→ **TASK TO COMPLETE**
Set the data below down again, exactly, with every picture left out.

→ **THE DATA**

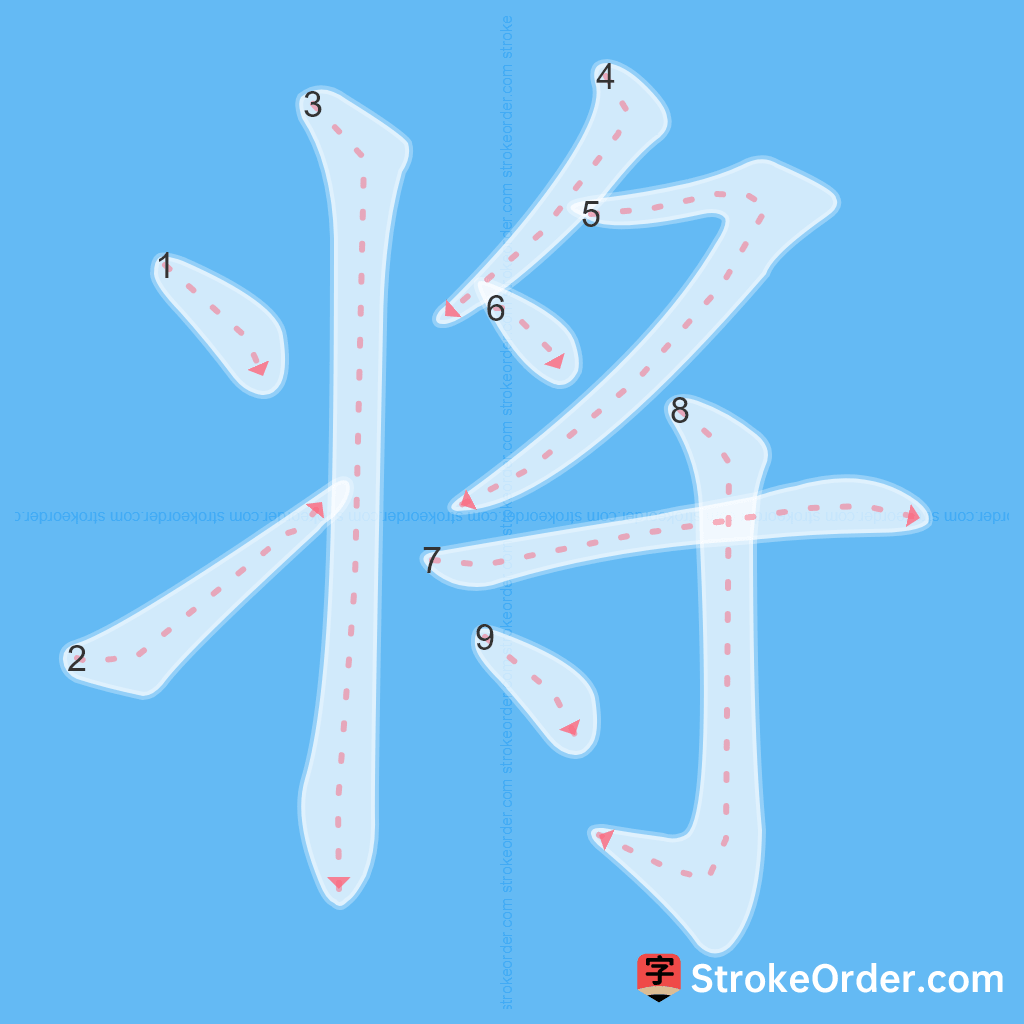 Standard stroke order for the Chinese character 将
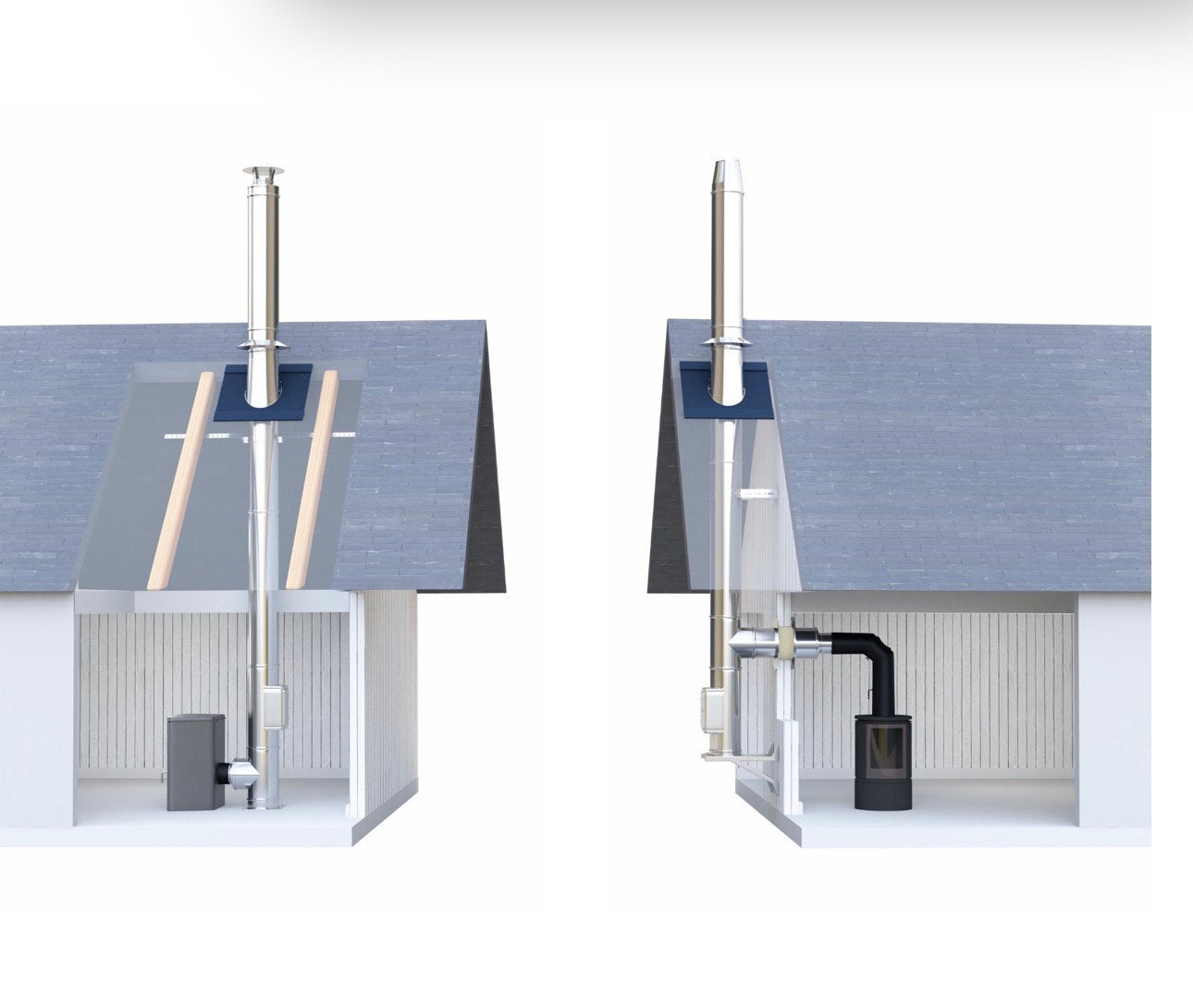 RVS Schoorsteen kachelpijp zeer compleet 7m  - 150/210 mm, Huis en Inrichting, Kachels, Ophalen, Gebruikt, Houtkachel, Inbouw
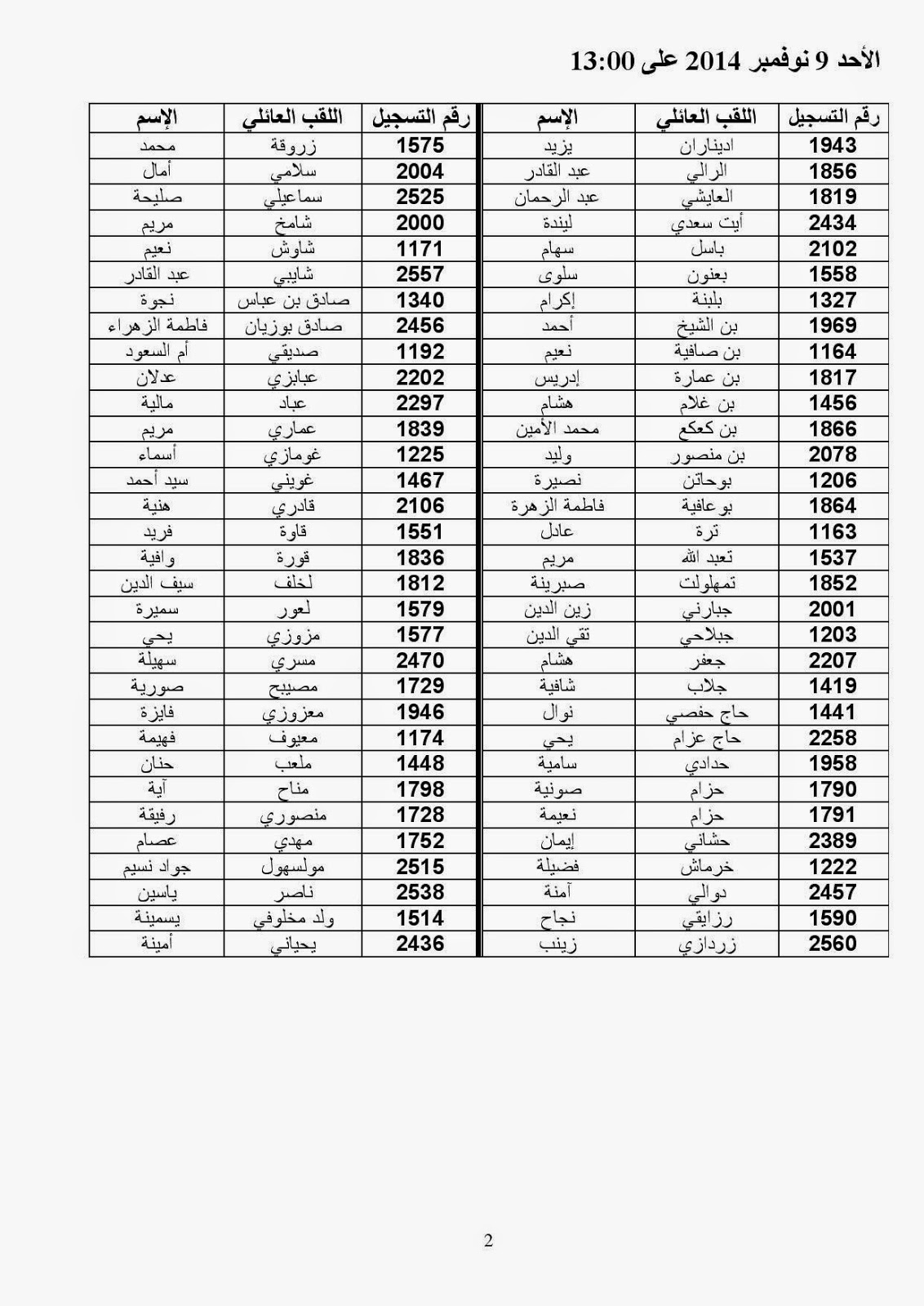  نتائج مسابقة المدرسة العليا للقضاءwww.esm.dz 2014  Resultat-page-002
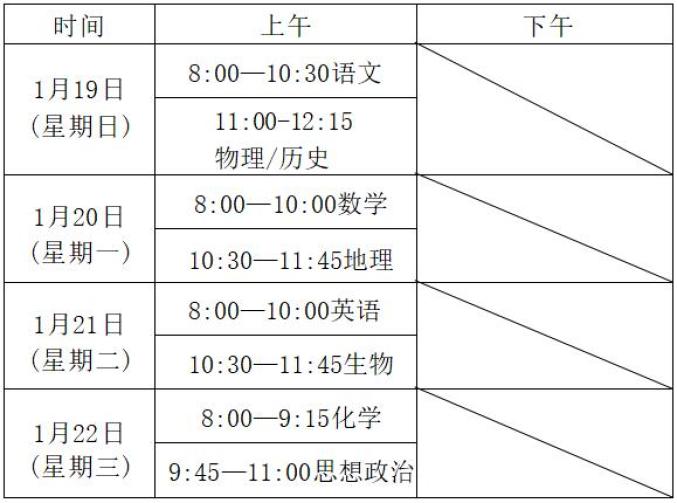福州市教育局组织2024—2025学年中学教学抽测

→ **RESPONSE TO THE TASK**
 Standard stroke order for the Chinese character 将
 RVS Schoorsteen kachelpijp zeer compleet 7m  - 150/210 mm, Huis en Inrichting, Kachels, Ophalen, Gebruikt, Houtkachel, Inbouw
  نتائج مسابقة المدرسة العليا للقضاءwww.esm.dz 2014  Resultat-page-002
福州市教育局组织2024—2025学年中学教学抽测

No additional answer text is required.